Cela se murmurait dans le milieu du théâtre martiniquais. Depuis qu’une deuxième pièce de ce jeune auteur a été montée sur les planches, cela ne fait plus de doute : une voix est née. On connaissait déjà le style puissant des romans d’Alfred Alexandre[i], à forte dimension sociale, on avait ressenti l’émotion produite par la dispute tragique des deux frères de La Nuit caribéenne, sa première pièce, créée en 2010, Le Patron confirme son sens du dialogue sur un mode moins violent quoique loin d’être apaisé[ii].

Ils sont deux dans un bar, après la fermeture, ressassant leurs malheurs. Ce bar est comme une île. Il va à vau-l’eau. Et c’est toute ma vie qui est pareil, dira la femme, celle du patron du titre de la pièce, parti pour toujours, on découvrira progressivement pourquoi. Son interlocuteur est le videur du bar, qui fut le confident du patron, le compagnon de ses virées. Il s’incruste dans une petite chambre de l’appartement au-dessus, malgré ses griefs envers la patronne qui ne cesse de le rabaisser. Elle menace de le chasser, mais elle est si seule…

La première réplique donne le « la » de ce texte qui mâtine sa dureté de poésie.

LA PATRONNE : Va falloir m’expliquer ce que tu fous encore, la gueule au vent, chez moi, à cette heure-ci. Allez ! Allume la lumière, que je te vois dans toutes tes manigances.

Et un peu plus loin, de la même : Je sais parfaitement ce que tu fais là. Je sais très bien pourquoi chaque soir, depuis deux semaines, tu viens poser ton ombre dans mes archipels et dans mon isolement.

Alfred Alexandre

Un cyclone se prépare, circonstance exceptionnelle, la hargne de la patronne semble s’atténuer : Toute cette attente, comment veux-tu que ça ne m’enlève pas le repos ? Toute cette attente… Tout ce mauvais temps qui vient et qui ne vient pas. C’est comme si on était sans boussole…Comme si on s’était perdus tous les deux ! Sans une carte pour se repérer entre les océans.
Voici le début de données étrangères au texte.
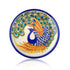 Blue Pottery Peacock Pattern Decorative Plate—White and Blue—8”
Ce n’est qu’un moment de répit, les deux solitaires, écorchés vifs, sont voués à se déchirer, tandis que l’ombre de l’absent ne cesse de planer au-dessus d’eux.

LE VIDEUR : Que ça fait trois mois que je travaille ici, trois mois que toutes les paroles que vous faites descendre sur moi, elles ont l’odeur de la charogne.

Jusqu’à leur éventuelle rédemption… s’ils ne sont pas déjà trop abîmés par l’existence… On pense aux écrivains américains, à O’Neill, à Faulkner pour la dureté des dialogues et l’horizon irrémédiablement bouché.

La patronne est interprétée par Lucette Salibur, LA tragédienne de la scène martiniquaise à la diction toujours parfaite, un rôle dans lequel elle donne toute sa mesure. Elle est totalement crédible dans les états d’âme de son personnage à la fois fort et vulnérable, rongé par une souffrance qu’il voudrait ravaler mais qui finit par le submerger. Son partenaire, Éric Delor, joue avec autorité une partie il est vrai moins complexe, celle d’un homme dont les airs de faux dur ne dissimulent pas longtemps la fragilité et la soif d’amour.

Le décor est minimaliste : deux chaises, une table basse, en accord avec la M.E.S de Ruddy Silaire, sans fioritures, qui se contente, fort justement, de coller au texte dont les deux comédiens se font les porte-voix.

Le Patron d’Alfred Alexandre, création Tropiques-Atrium, Fort-de-France, 23 janvier 2018.

 

 

 

[i] Bord de Canal, Paris, Dapper, 2005, prix des Amériques insulaires 2006,

Les Villes assassines, Paris, Ecriture, 2011,

Le Bar des Amériques, Montréal, Mémoire d’encrier, 2016.

[ii] Les deux pièces sont publiées aux Editions Passage(s), coll. « Libres courts au Tarmac », Caen, 2016.